Personal details
- Born: 1932
- Died: 15 December 2004 (aged 71–72)
- Party: Ba'ath Party
- Children: 3
- Parent: Ali al-Assad (father);
- Relatives: Hafez al-Assad (brother) Rifaat al-Assad (brother) Yarub Ghazi (son-in-law)
- Occupation: Politician

= Jamil al-Assad =

Syrian politician (1932–2004)

Jamil al-Assad (جميل الأسد; 1932 – 15 December 2004) was a younger brother of the late Syrian president Hafez al-Assad, and the uncle of former Syrian President Bashar al-Assad. He served in the People's Assembly of Syria from 1971 until his death in 2004. He was also commander of a minor militia.

==Activities==
While both his brothers, Hafez and Rifaat al-Assad, enforced secularism, Jamil was said to be deeply religious. During the 1980s, Jamil actively supported conversion to Shiism in the Latakia Mountains, especially among members of the Alawite community. He sent groups of Alawites to study Twelver Shiism in Iran. They made the Shiite creed common among their fellow Alawites upon their return to Syria. Jamil also built husayniyyas in the mountains, where before there had been only Alawite shrines. In order to make Shiism more acceptable there he appointed a Shiite sheikh to head the Alawite al-Zahra Mosque in the city of Baniyas. He also allowed Iranian officials to enter Syria to realize conversions to Shiism.

In the 1980s, he set up a Latakia-based foundation (al-Murtada), which helped fellow Alawite Muslims to go on the Hajj pilgrimage to Mecca. The foundation is also said to have tried to convert Sunni Muslim bedouins to the Alawi faith, angering the secular ruling Baath Party in Syria. Whether true or not, the rumours caused friction with the majority Sunni population. Al-Murtada is also said to have had a militia wing, made up of Alawi Muslims, which was armed and equipped by Rifaat al-Assad's powerful internal security division, the Defense Companies. These gangs, called shabiha, involved in all kinds of mafia-style violence and corruption. Al-Murtada was banned by Hafez al-Assad in 1983. On the other hand, shabiha still exists.

Jamil's son Fawaz headed commando forces stationed in Latakia that were not under the command of the regular armed forces, but they were constructed as counterweights to the power of the regular military. Jamil al-Assad was put under house arrest in 1981 after an unsuccessful challenge to his brother, Hafez al-Assad.
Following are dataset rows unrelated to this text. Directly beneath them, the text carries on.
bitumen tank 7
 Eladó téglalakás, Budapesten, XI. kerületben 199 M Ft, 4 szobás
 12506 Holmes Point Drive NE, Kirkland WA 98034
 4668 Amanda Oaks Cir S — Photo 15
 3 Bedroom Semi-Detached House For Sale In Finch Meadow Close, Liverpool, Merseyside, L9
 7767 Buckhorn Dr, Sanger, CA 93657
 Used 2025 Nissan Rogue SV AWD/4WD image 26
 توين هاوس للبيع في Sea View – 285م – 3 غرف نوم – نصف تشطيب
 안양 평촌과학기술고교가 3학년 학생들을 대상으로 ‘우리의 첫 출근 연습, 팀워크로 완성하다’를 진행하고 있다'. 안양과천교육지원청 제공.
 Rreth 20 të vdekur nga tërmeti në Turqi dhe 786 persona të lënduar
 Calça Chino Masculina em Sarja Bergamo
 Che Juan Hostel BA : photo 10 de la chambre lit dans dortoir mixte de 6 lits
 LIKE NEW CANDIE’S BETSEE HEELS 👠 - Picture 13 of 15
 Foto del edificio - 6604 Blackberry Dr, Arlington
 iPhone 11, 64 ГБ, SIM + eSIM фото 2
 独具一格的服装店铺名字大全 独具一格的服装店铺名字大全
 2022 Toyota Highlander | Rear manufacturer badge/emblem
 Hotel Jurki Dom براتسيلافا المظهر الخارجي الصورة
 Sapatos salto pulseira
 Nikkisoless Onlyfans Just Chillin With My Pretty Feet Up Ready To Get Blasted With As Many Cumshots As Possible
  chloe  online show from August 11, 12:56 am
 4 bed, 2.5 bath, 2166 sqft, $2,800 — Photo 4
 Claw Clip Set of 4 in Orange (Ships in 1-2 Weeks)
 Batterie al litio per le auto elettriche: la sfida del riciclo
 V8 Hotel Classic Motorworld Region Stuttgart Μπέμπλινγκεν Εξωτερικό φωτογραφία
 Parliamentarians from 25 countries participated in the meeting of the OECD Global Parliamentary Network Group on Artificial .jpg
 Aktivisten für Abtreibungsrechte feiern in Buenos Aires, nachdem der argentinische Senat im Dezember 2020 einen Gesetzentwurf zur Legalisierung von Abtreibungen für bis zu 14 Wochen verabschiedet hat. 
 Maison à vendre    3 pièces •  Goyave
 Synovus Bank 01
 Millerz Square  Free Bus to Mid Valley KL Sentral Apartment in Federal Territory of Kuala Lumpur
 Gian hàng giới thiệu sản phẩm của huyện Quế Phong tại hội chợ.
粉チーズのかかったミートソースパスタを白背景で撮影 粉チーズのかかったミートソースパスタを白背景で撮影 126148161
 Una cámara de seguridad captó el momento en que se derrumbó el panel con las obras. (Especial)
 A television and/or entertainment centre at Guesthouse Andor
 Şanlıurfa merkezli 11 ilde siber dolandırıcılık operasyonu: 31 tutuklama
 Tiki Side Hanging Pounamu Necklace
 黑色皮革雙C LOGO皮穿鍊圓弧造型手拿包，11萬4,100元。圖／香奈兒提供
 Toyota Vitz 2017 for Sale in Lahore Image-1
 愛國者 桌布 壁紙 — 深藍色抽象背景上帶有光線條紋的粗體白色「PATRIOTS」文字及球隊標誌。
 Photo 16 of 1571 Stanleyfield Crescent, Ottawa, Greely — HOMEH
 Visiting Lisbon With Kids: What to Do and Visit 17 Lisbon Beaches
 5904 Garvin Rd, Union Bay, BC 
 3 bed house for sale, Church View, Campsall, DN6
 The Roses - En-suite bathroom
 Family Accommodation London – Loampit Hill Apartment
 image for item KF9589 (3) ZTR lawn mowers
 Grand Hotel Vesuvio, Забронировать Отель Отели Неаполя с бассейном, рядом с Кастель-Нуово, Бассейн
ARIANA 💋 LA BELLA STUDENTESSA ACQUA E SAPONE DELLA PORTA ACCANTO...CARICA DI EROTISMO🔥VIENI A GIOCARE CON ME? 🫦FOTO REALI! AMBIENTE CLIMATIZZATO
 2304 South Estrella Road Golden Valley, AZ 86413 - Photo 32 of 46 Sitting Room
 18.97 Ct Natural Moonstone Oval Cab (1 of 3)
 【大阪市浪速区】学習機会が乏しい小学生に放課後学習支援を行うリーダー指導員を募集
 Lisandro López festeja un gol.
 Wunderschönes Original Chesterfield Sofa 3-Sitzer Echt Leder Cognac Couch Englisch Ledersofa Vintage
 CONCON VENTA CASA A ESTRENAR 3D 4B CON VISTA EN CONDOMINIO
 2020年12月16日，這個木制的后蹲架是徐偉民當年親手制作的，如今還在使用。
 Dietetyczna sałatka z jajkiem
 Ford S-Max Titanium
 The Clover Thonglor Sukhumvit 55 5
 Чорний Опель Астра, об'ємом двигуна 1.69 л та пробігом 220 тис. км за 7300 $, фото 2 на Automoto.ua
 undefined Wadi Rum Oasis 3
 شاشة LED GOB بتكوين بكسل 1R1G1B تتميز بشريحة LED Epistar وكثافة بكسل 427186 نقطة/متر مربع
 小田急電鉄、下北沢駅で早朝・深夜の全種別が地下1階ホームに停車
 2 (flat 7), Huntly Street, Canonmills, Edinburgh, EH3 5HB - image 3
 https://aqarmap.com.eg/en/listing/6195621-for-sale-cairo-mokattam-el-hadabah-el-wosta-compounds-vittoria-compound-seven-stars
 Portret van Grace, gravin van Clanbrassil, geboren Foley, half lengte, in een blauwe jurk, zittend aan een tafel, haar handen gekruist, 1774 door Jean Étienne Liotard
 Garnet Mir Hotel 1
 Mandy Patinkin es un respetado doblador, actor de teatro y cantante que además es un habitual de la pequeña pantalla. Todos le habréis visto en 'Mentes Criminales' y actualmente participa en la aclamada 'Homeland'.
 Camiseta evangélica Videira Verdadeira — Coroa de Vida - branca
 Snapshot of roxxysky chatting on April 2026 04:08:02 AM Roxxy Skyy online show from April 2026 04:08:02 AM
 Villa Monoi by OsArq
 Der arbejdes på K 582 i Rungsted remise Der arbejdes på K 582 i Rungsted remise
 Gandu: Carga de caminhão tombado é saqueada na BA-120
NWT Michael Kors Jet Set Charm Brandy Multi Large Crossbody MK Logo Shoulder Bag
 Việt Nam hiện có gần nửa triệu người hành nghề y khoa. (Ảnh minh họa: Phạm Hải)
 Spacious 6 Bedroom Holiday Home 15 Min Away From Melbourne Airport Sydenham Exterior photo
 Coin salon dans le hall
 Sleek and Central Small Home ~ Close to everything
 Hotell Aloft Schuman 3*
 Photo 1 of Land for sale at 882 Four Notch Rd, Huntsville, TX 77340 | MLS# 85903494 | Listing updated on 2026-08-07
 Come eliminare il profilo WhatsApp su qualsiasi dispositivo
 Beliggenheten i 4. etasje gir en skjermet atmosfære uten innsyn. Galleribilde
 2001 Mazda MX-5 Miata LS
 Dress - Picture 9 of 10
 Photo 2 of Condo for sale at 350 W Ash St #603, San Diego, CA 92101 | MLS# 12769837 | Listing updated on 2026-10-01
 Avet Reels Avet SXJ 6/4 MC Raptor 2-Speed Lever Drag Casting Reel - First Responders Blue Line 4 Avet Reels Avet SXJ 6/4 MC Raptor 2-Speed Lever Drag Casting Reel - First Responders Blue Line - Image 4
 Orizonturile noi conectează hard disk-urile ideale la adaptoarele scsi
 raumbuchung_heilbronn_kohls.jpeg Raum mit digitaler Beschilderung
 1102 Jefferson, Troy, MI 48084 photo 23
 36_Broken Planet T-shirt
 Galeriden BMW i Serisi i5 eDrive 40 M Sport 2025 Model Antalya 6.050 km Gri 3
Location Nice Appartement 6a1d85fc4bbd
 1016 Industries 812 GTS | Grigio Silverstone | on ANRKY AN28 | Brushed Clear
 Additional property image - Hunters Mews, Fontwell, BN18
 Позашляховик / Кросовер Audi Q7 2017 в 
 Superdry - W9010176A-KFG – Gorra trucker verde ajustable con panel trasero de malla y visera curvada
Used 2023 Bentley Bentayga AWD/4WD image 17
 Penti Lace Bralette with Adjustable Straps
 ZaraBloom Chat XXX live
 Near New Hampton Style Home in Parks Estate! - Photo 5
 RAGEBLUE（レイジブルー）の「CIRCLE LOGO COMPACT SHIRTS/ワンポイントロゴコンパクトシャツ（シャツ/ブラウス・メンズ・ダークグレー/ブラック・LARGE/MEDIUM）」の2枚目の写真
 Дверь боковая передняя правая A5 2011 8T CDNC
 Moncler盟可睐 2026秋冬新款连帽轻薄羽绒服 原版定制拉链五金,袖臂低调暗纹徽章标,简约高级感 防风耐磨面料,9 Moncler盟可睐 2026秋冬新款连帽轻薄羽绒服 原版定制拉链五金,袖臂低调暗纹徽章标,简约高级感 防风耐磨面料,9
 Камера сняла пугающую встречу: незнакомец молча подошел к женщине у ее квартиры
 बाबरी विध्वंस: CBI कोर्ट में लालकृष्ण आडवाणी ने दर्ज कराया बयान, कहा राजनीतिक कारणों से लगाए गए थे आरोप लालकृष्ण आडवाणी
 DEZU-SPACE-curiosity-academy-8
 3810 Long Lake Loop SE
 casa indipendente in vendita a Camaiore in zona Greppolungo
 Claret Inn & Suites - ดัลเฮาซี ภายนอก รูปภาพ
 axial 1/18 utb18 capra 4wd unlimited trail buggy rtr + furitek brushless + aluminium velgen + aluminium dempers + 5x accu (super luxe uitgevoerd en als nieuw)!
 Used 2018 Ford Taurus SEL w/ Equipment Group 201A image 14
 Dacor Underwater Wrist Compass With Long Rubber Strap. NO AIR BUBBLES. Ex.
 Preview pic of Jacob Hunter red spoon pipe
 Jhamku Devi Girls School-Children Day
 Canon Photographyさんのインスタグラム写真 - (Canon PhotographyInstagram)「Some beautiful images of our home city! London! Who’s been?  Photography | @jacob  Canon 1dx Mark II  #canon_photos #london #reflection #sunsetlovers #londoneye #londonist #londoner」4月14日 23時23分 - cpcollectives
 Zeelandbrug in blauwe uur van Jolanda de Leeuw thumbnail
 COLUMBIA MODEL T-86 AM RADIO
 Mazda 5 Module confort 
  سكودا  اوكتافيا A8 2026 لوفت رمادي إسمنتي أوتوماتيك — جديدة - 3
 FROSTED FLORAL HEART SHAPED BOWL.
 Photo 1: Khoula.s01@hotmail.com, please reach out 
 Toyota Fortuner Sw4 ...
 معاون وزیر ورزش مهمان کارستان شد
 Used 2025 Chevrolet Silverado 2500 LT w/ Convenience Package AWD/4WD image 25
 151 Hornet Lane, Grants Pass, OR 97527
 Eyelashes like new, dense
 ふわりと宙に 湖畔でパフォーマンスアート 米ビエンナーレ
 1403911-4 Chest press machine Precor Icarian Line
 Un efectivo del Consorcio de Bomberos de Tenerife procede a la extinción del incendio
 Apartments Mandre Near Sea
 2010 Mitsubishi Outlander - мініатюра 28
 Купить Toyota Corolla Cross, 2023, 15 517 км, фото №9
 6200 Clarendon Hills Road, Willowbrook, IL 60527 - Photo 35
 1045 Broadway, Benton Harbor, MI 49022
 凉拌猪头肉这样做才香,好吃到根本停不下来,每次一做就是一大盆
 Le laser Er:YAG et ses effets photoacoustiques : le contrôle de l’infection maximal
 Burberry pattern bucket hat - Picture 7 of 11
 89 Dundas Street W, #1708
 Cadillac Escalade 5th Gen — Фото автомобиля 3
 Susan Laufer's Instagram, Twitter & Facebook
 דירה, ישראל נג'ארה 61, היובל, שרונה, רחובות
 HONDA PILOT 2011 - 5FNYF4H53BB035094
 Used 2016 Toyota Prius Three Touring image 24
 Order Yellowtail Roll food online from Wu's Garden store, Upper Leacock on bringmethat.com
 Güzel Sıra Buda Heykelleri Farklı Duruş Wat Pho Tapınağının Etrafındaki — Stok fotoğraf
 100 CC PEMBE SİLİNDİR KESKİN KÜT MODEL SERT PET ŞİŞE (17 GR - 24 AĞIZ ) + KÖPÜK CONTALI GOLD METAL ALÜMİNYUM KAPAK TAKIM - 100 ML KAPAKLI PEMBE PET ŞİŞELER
When Rifaat Assad attempted in 1984 to exploit the failing health of Hafez, using the Defense Companies to stage a failed coup d'état, this cast doubt on Jamil in the eyes of Hafez. Some of his assets are reported to have been confiscated in retaliation, but there is little doubt he remained a very wealthy man.

Jamil was reported to have been sent into exile due to accusations of corruption to France at the end of 1996 or at the beginning of 1997.

Jamil headed the national security committee in Parliament later in his life. Unlike Rifaat, Jamil openly supported the succession to the presidency of Hafez al-Assad's son, Bashar. Jamil and his son, Fawaz, had quite a bit of real estate and commercial enterprises. Jamil reportedly spent most of later years in Europe. However, unlike Rifaat al-Assad, he was permitted to return periodically to Syria at his leisure. He was present at Hafez's funeral.

==Personal life==
His sons are Mundhir (born 1961) and Fawaz (born 1962). One of his daughters married to Yarob Kanaan, a son of Ghazi Kanaan.

His eldest son, Mundhir, was arrested in 2005 at the Beirut Airport while entering Lebanon. He was reported to have been involved in arms smuggling to the Iraqi insurgents. In 2011, the EU placed sanctions on him for "being involved with the Shabbiha militia in the repression of protestors during the Syrian Civil War". The same sanctions were also placed on Fawaz Assad in 2011 by the European Union for "his involvement with the Shabbiha militia in the repression of protesters during the Syrian Civil War".

==Death==
Jamil al-Assad died on 15 December 2004 at age 72 at a French hospital where he had been treated for about a month.